E, por fim, impõe-se igualmente denunciar o escândalo que é a mais recente “inovação” e grosseira violação das obrigações de serviço público e que consiste na prática de ordenar que um comboio faça circulação sem passageiros (a chamada circulação de serviço) entre a estação terminal e 3, 4 ou até 7 ou 8 estações mais à frente, ou seja, que não pare, como devia, em diversas estações (mesmo que apinhadas de gente) e ir directo para outra bem mais adiante da linha para, uma vez mais, assim se tentar recuperar atrasos.

Como se podem e devem denunciar outras situações de falta de condições de segurança, já denunciadas em 2013, e que 4 anos depois permanecem, como sejam as sucessivas quedas de peças de material circulante e a retirada nos comboios dos chamados “areeiros” (que permitem soltar areia e assim criar algum atrito e, logo, maior aderência em situações de falta desta), o que a Administração do Metro de Lisboa de igual modo bem sabe que está presentemente a acontecer por virtude quer do desgaste ondulatório do carril de rolamento quer da insuficiente manutenção do dito material circulante.

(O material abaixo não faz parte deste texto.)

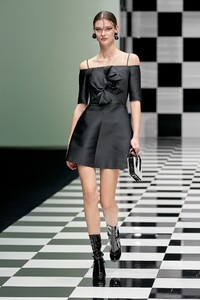 Sara Dijkink Emporio Armani Fall 2022 RTW MFW 1.jpg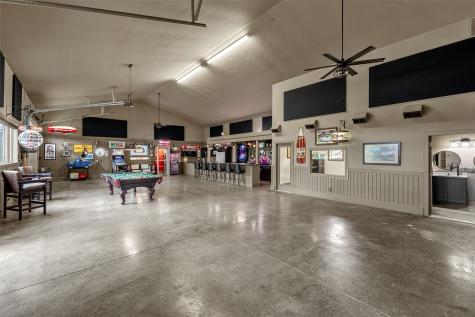 6000 Beverly Road SW Cedar Rapids IA 52404
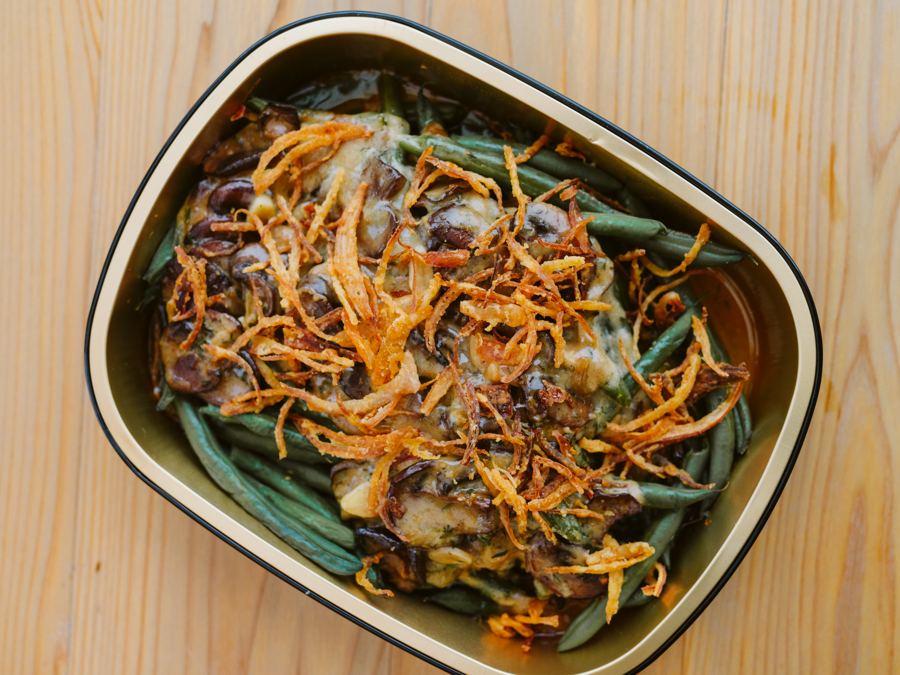 Green beans with mushrooms topped with crispy shallots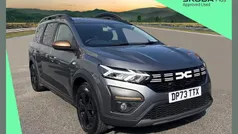 Grey Used 2024 Dacia Jogger Extreme MPV | £19,995 (Good price)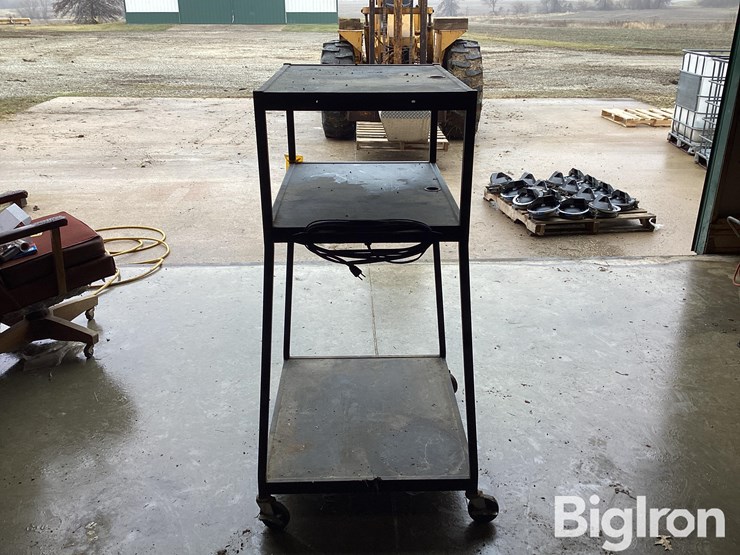 metal-shelf-on-wheels-image-6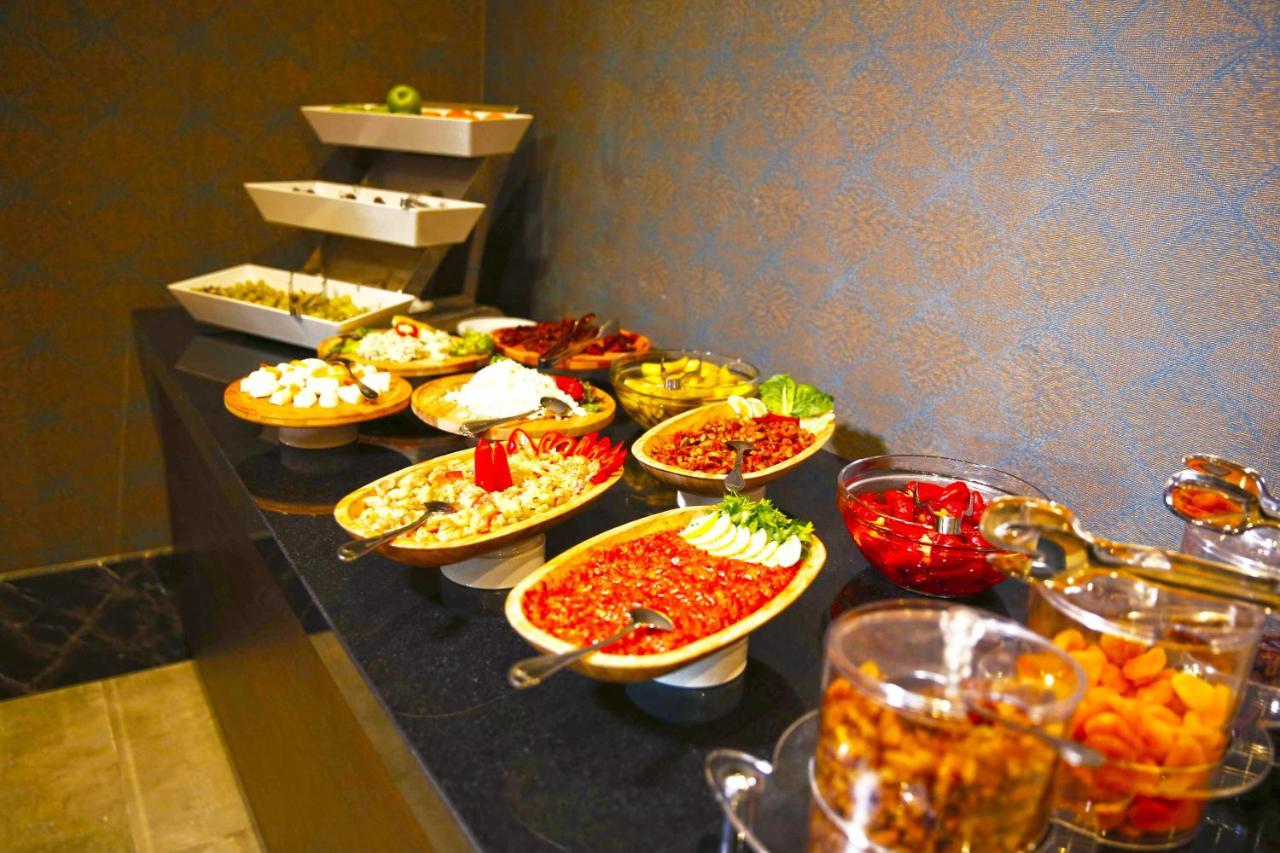 The Green Park Газиантеп Экстерьер фото A selection of meze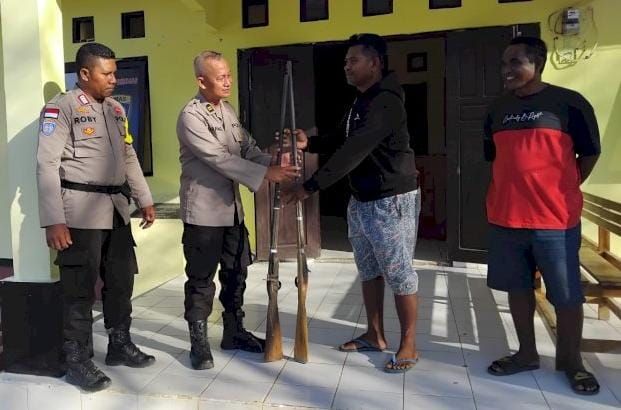 Warga Semau-Kupang Serahkan Dua Pucuk Senpi Rakitan ke Polisi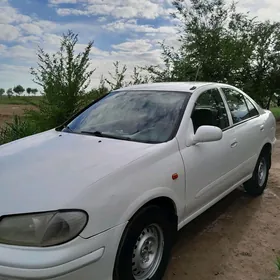 Nissan Sunny 2002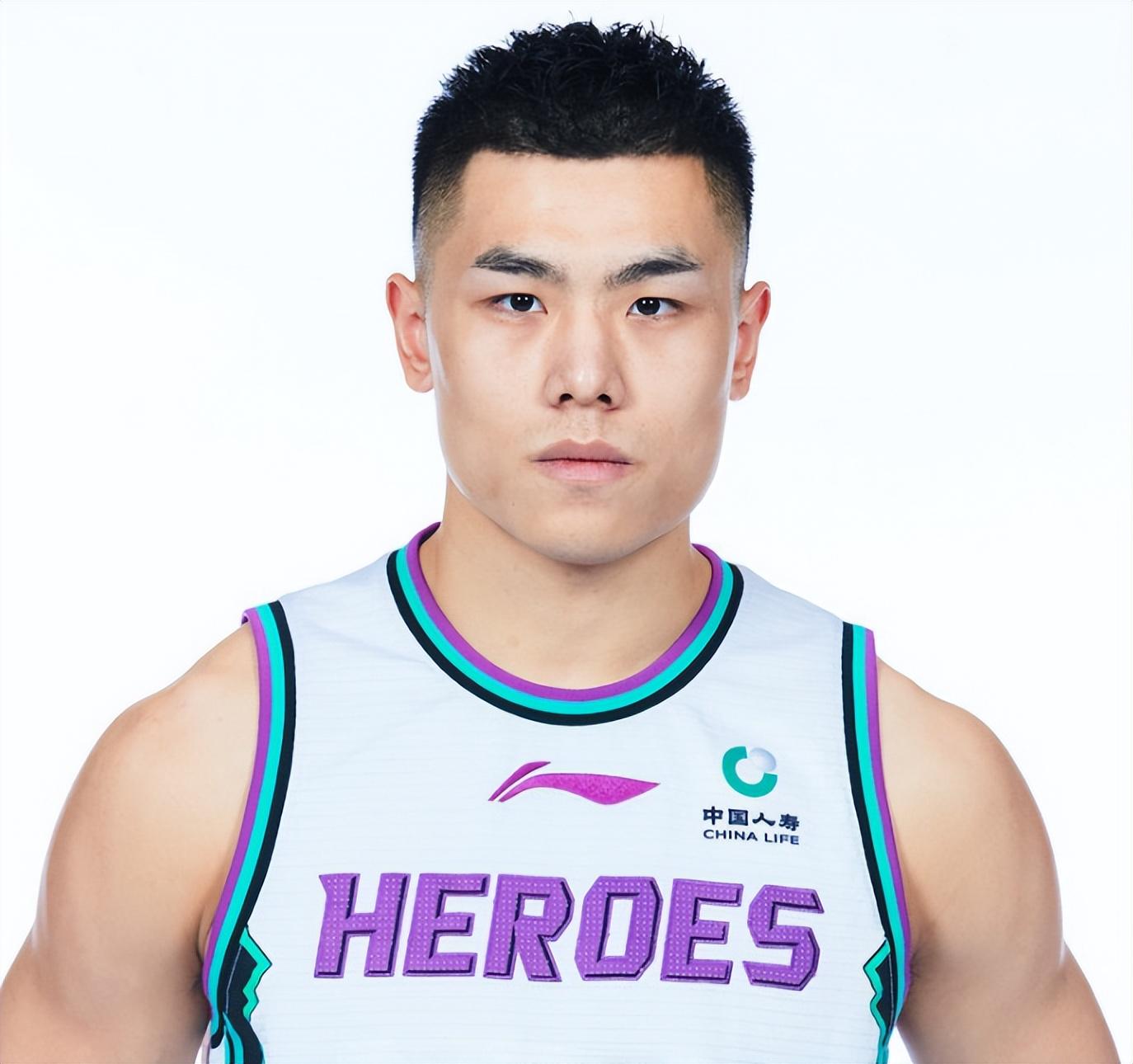 特别是他的, 甚至在上场, 队友都被带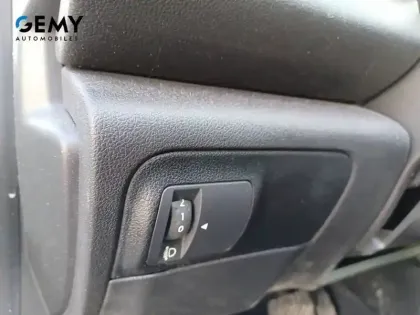 Photo 12 Renault Megane Mégane IV Berline Blue dCi 115 EDC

Degradação das condições de segurança

Ora, perante tudo isto, o certo é que estamos a falar de uma empresa que não mexe uma palha nem gasta um cêntimo sem ordem prévia do Governo. O que é, aliás, muito curioso porquanto um dos grandes argumentos do Acórdão nº 413/14 do Tribunal Constitucional para não declarar a inconstitucionalidade dos cortes dos complementos de reforma aos reformados do Metro, argumento sempre utilizado também pela Empresa nos processos judiciais em curso, é o de que quem, em sede de contratação colectiva, acordou tais complementos foi a empresa mas quem os tirou foi o Estado, e este seria inteiramente distinto e nada teria que ver com aquela. Cujas perdas, porém, decorrentes só dos negócios obscuros dos swaps, atingiram os 1.261 milhões de euros…

Para isso, houve, e há, dinheiro. Mas já não há dinheiro para pagar aquilo que é contratualmente devido a quem dedicou uma vida inteira de trabalho à empresa. Ou, pior, para garantir a segurança dos trabalhadores no activo da mesma empresa e dos passageiros por ela transportados.

Até onde irá então esta criminosa degradação das condições de segurança? Como podem os respectivos responsáveis manter-se sempre impunes? E quantas vítimas terá de haver para que, finalmente, se tomem medidas adequadas quanto às gravíssimas deficiências denunciadas desde há anos?